私もミルクティを飲もうと キッチンへ行くと、柚奈がついてきて冷蔵庫を開けて見る。


「 ふぅん、けっこうちゃんとしてんだね~」

「 まぁね 」


あははは、見た目だけね…


「 私、今日 泊まっていい?てか 泊まる 」


は…い?


「 泊まるって、ここに?今日?」

「 そう、今日 泊まる。
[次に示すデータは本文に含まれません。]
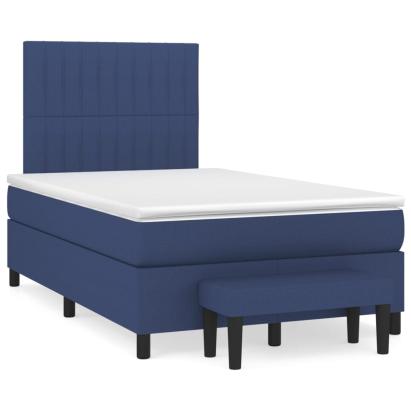 Pat box spring cu saltea, albastru, 120x190 cm, material textil GartenMobel Dekor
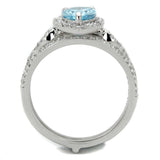 TS453 - Rhodium 925 Sterling Silver Ring with AAA Grade CZ in Sea Blue - Alamode - Flyclothing LLC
明日 日曜だし 」


なんと、本気ですかい…


「 椿だけ 一人楽しいなんて ずるい!」

「 ずるくないし!」


柚奈が泊まるとなると、葵とは…


「 上山くんとラブりたかったら言って?私、そん時だけ退散してあげちゃうから~ 」


あ、あげちゃうから!?


「 じゃあ先生と一緒にいるって言うの?」


危険すぎる、あり得ないけど。


考え込む柚奈に、真剣に悩むほどの事かと 逆に考えてしまった。

でも柚奈は、いいよ と言った。

まさかと思うような事が頭によぎる。

気持ちが浮いているというなら、雅に対して恋心が芽生えるのか…

そんな一抹の不安要素が 隣に住んでいる。



「 椿、雪やんでるし 懐かしのアレ作らない?雪だるま 」

「 それならアパート裏の雪はキレイだししっかりあるから 」


楽しそうな柚奈を見ながら、私は 雅だけは恋の相手にならないでと祈る気持ちだった。


「 ねぇ、上山先生たち呼んじゃう?」

「 呼ばないから 」


勘弁してよ、柚奈さん。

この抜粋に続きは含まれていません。